BRIEF: In the listing that follows, the range to quote begins at the line that has "2017 Honda Civic 10th Gen - Image 11 of 15" and ends after the line that has "DreamBid. Zdjęcie 5."; quote it verbatim and add nothing.

::::::::

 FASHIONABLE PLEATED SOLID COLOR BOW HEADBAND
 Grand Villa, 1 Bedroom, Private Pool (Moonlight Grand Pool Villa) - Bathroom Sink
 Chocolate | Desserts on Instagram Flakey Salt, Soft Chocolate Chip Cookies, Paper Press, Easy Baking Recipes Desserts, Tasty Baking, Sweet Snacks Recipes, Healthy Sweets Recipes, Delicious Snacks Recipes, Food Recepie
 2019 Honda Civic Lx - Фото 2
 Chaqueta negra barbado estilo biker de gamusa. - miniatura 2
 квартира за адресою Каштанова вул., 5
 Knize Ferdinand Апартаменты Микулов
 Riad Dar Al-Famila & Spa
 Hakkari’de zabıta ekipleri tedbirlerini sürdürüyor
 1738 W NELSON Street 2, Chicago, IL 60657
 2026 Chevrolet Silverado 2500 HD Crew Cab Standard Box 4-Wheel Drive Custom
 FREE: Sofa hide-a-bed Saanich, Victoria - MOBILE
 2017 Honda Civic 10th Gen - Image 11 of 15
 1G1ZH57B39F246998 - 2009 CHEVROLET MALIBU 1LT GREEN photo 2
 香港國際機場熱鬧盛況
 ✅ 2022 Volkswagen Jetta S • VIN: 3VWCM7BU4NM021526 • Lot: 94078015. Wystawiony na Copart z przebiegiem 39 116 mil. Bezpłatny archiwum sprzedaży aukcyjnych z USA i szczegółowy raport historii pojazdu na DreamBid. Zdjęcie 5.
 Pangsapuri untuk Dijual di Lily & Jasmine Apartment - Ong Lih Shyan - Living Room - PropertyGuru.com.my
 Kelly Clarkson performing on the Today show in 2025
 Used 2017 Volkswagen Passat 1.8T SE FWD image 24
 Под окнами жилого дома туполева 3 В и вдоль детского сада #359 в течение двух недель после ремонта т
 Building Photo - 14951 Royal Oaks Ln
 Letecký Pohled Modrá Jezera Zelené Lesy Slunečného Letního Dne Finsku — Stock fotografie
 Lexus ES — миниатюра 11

::::::::

WRITTEN ANSWER:
 2017 Honda Civic 10th Gen - Image 11 of 15
 1G1ZH57B39F246998 - 2009 CHEVROLET MALIBU 1LT GREEN photo 2
 香港國際機場熱鬧盛況
 ✅ 2022 Volkswagen Jetta S • VIN: 3VWCM7BU4NM021526 • Lot: 94078015. Wystawiony na Copart z przebiegiem 39 116 mil. Bezpłatny archiwum sprzedaży aukcyjnych z USA i szczegółowy raport historii pojazdu na DreamBid. Zdjęcie 5.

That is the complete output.